Trop heureux, vos parents font défiler devant votre nouvelle flamme vos photos d’enfant. Sourire gêné aux lèvres, vous attendez l’apparition de cette photo-là! Oui, la photo de vous dans le bain à trois ans, complètement nu, la bouche ouverte et une passoire sur la tête. Votre famille vous trouve adorable, mais vous préféreriez, au moins temporairement, voir ce portrait disparaitre. Pur produit de la photographie amateur, ce genre d’image apparait avec la démocratisation des appareils et des méthodes de développement. Catégorie perméable, la photographie amateur bénéficie de plusieurs transformations qui sont dues aussi bien à des innovations techniques qu’à des changements sociaux. Jusqu’à la fin du XIXe siècle, l’amateur est une figure différente de celle que nous entendons aujourd’hui. Si, comme aujourd’hui, le photographe amateur apprécie la photographie, il maitrise des techniques complexes et il fait souvent preuve d’une recherche stylistique équivalente à celle du professionnel, voire plus libre.

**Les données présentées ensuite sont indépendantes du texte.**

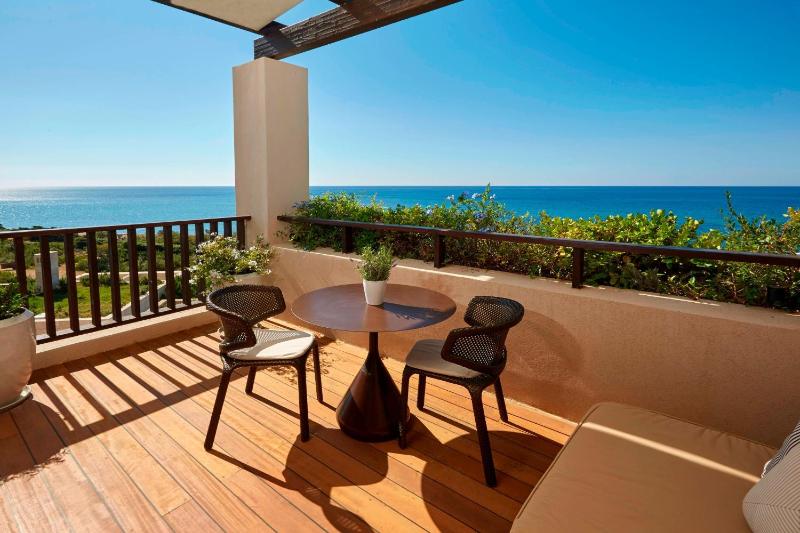 Premium Deluxe Sea View, Guest room, 1 King, Balcony image 3
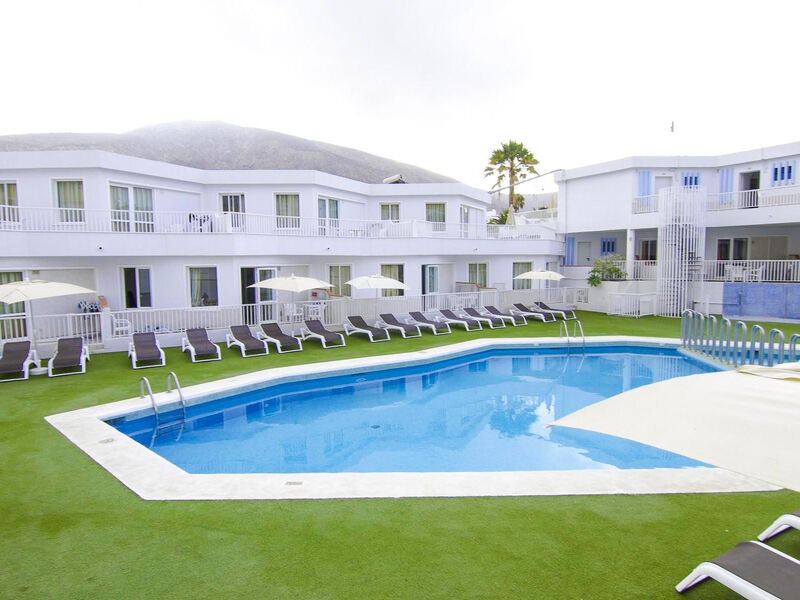 Checkin Bungalows Atlantida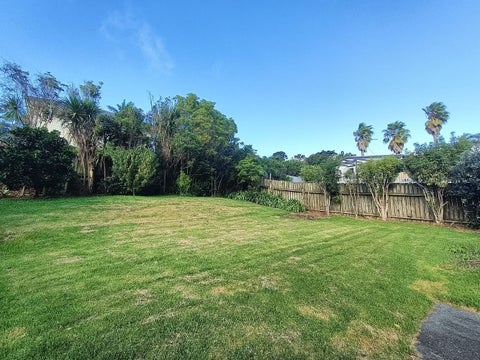 21A Jelas Road, Red Beach, Red Beach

Les différences entre l’un et l’autre sont donc minces et elles relèvent d’autres critères que vous découvrirez dans ce texte qui vous fera passer des premiers photographes mélangeant savamment des produits chimiques, jusqu’aux femmes modernes qui, caméra en bandoulière, revendiquent un nouveau regard sur le monde.

Entre l’art et la science : le règne de l’amateur éclairé, 1839-1885

L’annonce officielle, par l’homme d’état François Arago, de l’invention du daguerréotype le 19 août 1839 est rapidement suivie par l’apparition de photographes amateurs. Le daguerréotype, une photographie en un seul exemplaire qui est à la fois un positif et un négatif, est un procédé qui a été créé en France par le peintre Louis-Jacques-Mandé Daguerre (1787-1851) et du physicien Nicéphore Niépce (1765-1833). Il nécessite une compréhension de base de la chimie et de l’optique. De plus, le coût d’achat d’un appareil, de plaques et des produits chimiques nécessaires à sa réalisation est élevé. La pratique amateur est donc le plus souvent réservée à des personnes éduquées et riches. Dans les semaines qui suivent l’annonce d’Arago, Pierre-Gustave Joly fait partie de ces daguerréotypistes qui se procurent un appareil photographique sans faire de leur production un métier. Considéré comme l’un des pionniers de la photographie et un des premiers photographes québécois, il acquiert un appareil du fabricant d’instruments d’optique parisien, Noël Paymal Lerebours. Cet achat se fait dans le cadre de la préparation d’un voyage sur le pourtour de la Méditerranée où il prendra environ 86 daguerréotypes, dont les premiers du Parthénon en octobre 1839. Les daguerréotypes de Joly représentent tous des monuments, des édifices ou des paysages. Le long temps de pose ne lui permet pas de faire des portraits et il apprend en expérimentant. Les daguerréotypes de Joly ont aujourd’hui disparu, mais les documents conservés dans les archives permettent de comprendre son intérêt pour la création de ces images qui relèvent autant de l’art que de la chimie.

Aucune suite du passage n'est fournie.